The debate about how many people and industrial or recreational uses the land can sustain without endangering the drinking water supply is all-encompassing. Have we permitted land-use practices that contaminate the groundwater and are we continuing to do so? Will there be enough good water for the ultimate number of persons who could eventually live here under current zoning? Who should control from where and how much water is taken out of the ground and where it is distributed?
Some two years ago, The Star offered the opinion that it was "possible to create a nonpolluting golf course." The debate then was about the Bistrian family's Stony Hill Country Club course. While neighbors demanded the town reconsider the potential for groundwater contamination, the Bistrians claimed the town already had contaminated the water in the area and sued for damages.

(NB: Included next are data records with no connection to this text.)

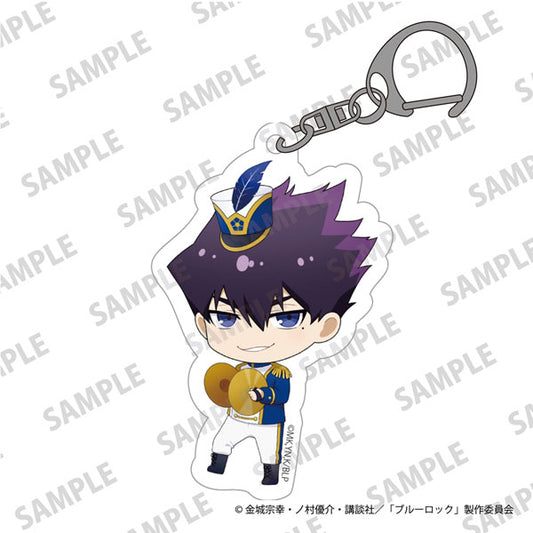 TVアニメ「ブルーロック」ミニキャラアクリルキーホルダー マーチングバンド Ver. 烏 旅人 [KADOKAWA][GOODS]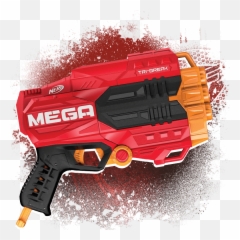 Download Hd Break - Open Loading Water Gun Transparent Png Nerf Gun Transparent Background Png,Squirt Gun Png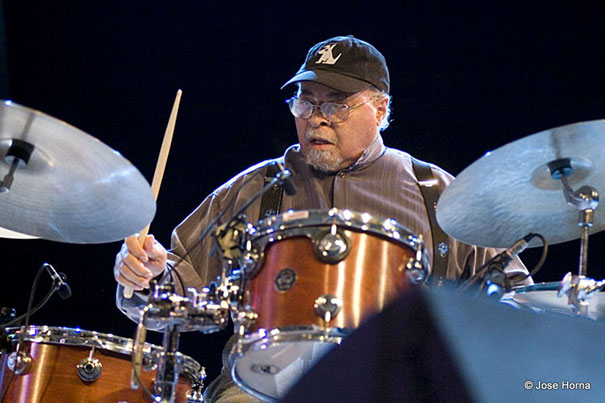 Jimmy Cobb, Festival de Jazz de Vitoria 2009 © Jose Horna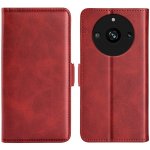 Vsechnonamobil 61732 SIDE Peněženkové pouzdro pro Realme 11 Pro 5G červené – Zbozi.Blesk.cz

More recently, the Southampton Town Board has given its approval to a zone change for an 18-hole golf course, which will lie over the thickest part of the underground aquifer on the South Fork in Bridgehampton, and an application for another nine holes for the South Fork Country Club in Amagansett is moving toward East Hampton Town Planning Board approval.

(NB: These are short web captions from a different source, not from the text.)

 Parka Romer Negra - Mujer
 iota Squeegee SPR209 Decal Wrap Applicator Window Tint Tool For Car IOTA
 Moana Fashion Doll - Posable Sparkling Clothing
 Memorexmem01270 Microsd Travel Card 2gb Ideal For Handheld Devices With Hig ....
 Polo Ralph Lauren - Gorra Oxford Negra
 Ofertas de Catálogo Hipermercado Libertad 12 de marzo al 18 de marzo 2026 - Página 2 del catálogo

There is little point in debating whether to allow the new Bridgehampton course or the expanded Amagansett one (whose developers have promised to use the integrated pest management system instead of chemical pesticides) per se, since both are well along in the review process. The focus should be on how to insure that the golf courses are good, environmentally friendly neighbors.
We reiterate: It is possible to create nonpolluting golf courses. But two essential ingredients are needed to do so on the South Fork.
The first is a solid and up-to-date plan for the use of our groundwater, which is immutably linked across Southampton and East Hampton Town lines. The second is a set of stringent and enforceable criteria for the use of nonpolluting herbicides and/or pesticides on golf course greens and fairways. These are legitimate and attainable goals.